Re: squid centos and osq_lock

Marcus Kool <marcus.kool@xxxxxxxxxxxxxxx> · Sat, 01 Aug 2015 08:45:39 -0300

On 07/31/2015 03:56 PM, Amos Jeffries wrote:
On 1/08/2015 4:06 a.m., Josip Makarevic wrote:
Marcus, tnx for your info.
OS is centos 6 w kernel  2.6.32-504.30.3.el6.x86_64
Yes, cpu_affinity_map is good and with 6 instances there is load only on
first 6 cores and the server is 12 core, 24 HT

Then I suspect that mutex and locking will be the kernel scheduling work
on the HT cores.
  In high performance Squid will max out a physical cores worth of
cycles. HT essentially tries to over-clock physical cores. But trying to
reach 200% capacity into a physical core with Squid workloads only leads
to trouble.
  It is far better to tie Squid with affinity to one instance per
physical core and let the extra HT capacity be available to the OS and
other supporting things the Squid instance needs to have happen externally.

each instance is bound to 1 core. Instance 1 = core1, instance 2 = core 2
and so on so that should not be the problem.
I've tried with 12 workers but that's even worse.

You do need to be very careful about which core numbers are the HT core
vs the physical core ID. Last time I saw anyone doing it, every second
number was a real physical core ID. YMMV.

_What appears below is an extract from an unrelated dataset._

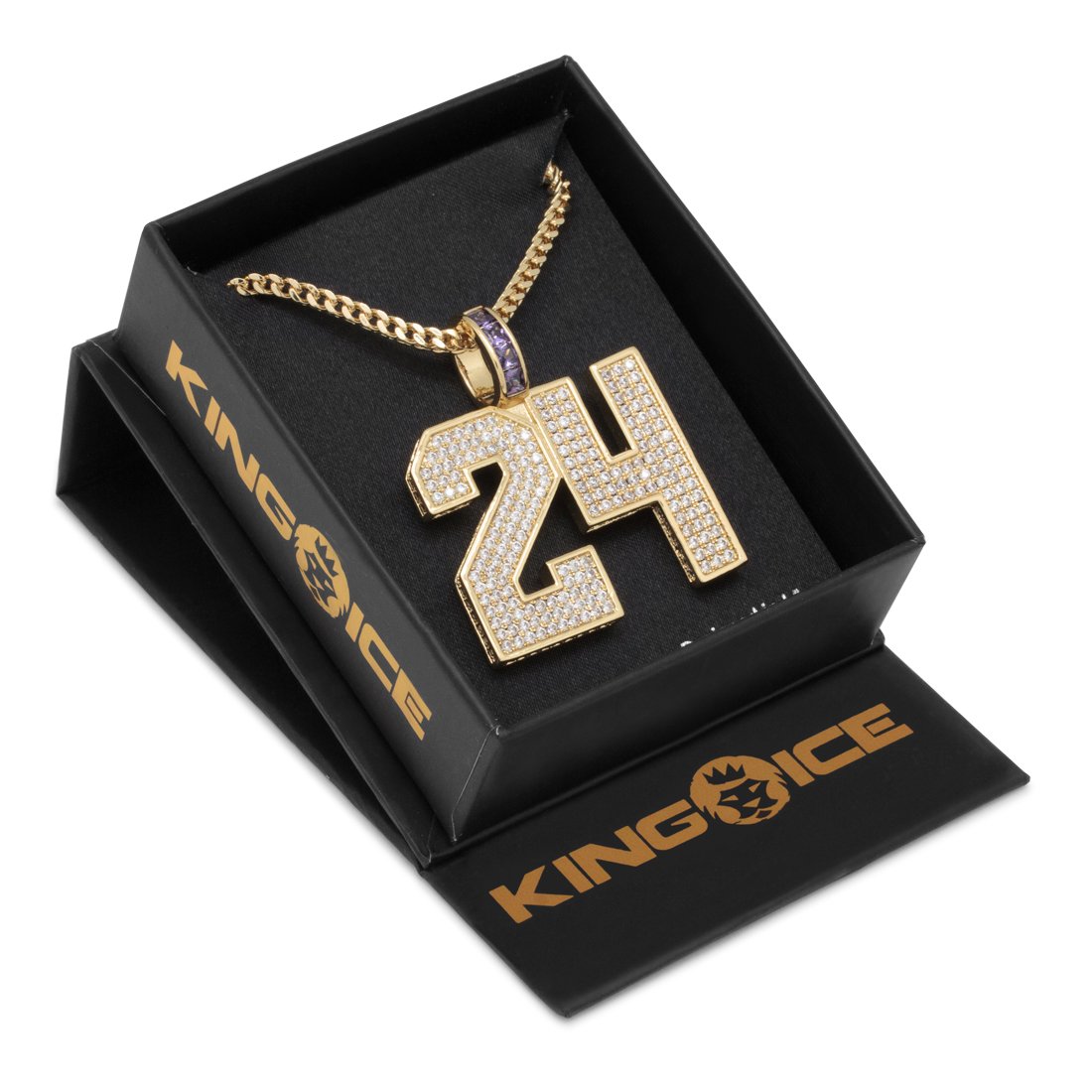 Black Mamba Classic Number 24 Necklace  in  14K Gold / 1.7" by King Ice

There are 2 mappings and I have seen them both but I do not recall which I saw where.
You can do the following to find out which CPU# is a sibling (HT core):
cd /sys/devices/system/cpu
for cpu in cpu[0-9]* ; do
   cat $cpu/topology/thread_siblings_list
done

Let me try to explain:
on non-smp with traffic at ~300mbits we have load of ~4 (on 6 workers).
in that case, actual user time is about 10-20% and 70-80% is sys time
(osq_lock) and there are no connection timeouts.

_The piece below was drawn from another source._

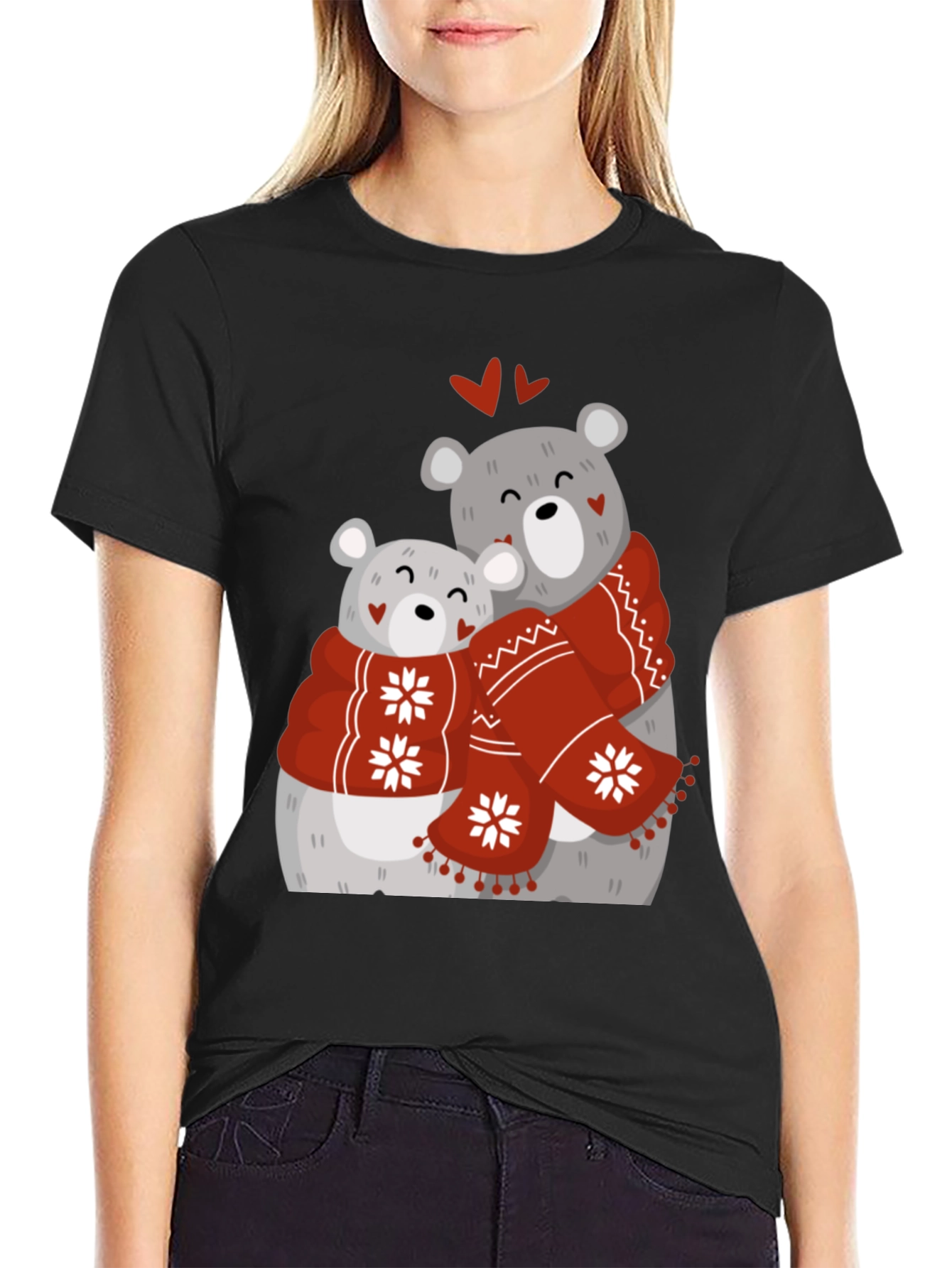 Black Bear Hug Graphic T-Shirt view 2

The CPU time in osq_lock is not easy to explain but it is not likely caused by Squid itself.
Googling about osq_lock led me to a kernel patch discussion where 500 dd processes on ext4/multipath or a file system repair with 125 threads caused the system to use 70+% CPU in osq_lock.
The general believe was that a lot of outstanding IO caused it.
This brings me to these questions:
- what is your testing method ?
- are there simply too many concurrent connections per instance of Squid ?
- are the bonded 10G interfaces supported by CentOS 6 ?
- can you test with unbonded ethernet? (the bonding driver code uses 2 locks)

You may or may not get better results with CentOS 7 or the custom kernel (try latest or before 3.12 since some issues started with 3.12).

If I switch to SMP 6 workers user time goes up but sys time goes up too and
there are connection timeouts and the load jumps to ~12.
If I give it more workers only load jumps and more connections are being
dropped to the point that load goes to 23/24 and the entire server is slow
as hell.

So, best performance so far are with 6 non-smp workers.

'workers' is a term used by Squid SMP.
To have less confusion, in a non-SMP Squid config, I suggest to use the term 'instance'.

Marcus

For now I have 2 options:
1. Install older squid (3.1.10 centos repo) and try it then
2. build custom 64bit kernel with RCU and specific cpu family support (in
progress).

The end idea is to be able to sustain 1gig of traffic on this server :)
Any advice is welcome

I agree with Marcus then. The non-SMP then is the way to go at present.
The main benefit of SMP support in current Squid is for caching
de-duplication (ie rock store).

Also some things to note:

* a good percentage of the speed of Squid is the 20-40% caching HIT rate
normal HTTP traffic has. Albeit memory-only caching on highest
performance boxen. Memory hits are 4-6 orders of magnitude faster than
network fetches. This has little to do with anything you can control
(normally). The (relatively) slow speed of origin servers creating the
content is the bottleneck. Even "static" content may be encoded to the
clients requested desire on each fetch, which takes time.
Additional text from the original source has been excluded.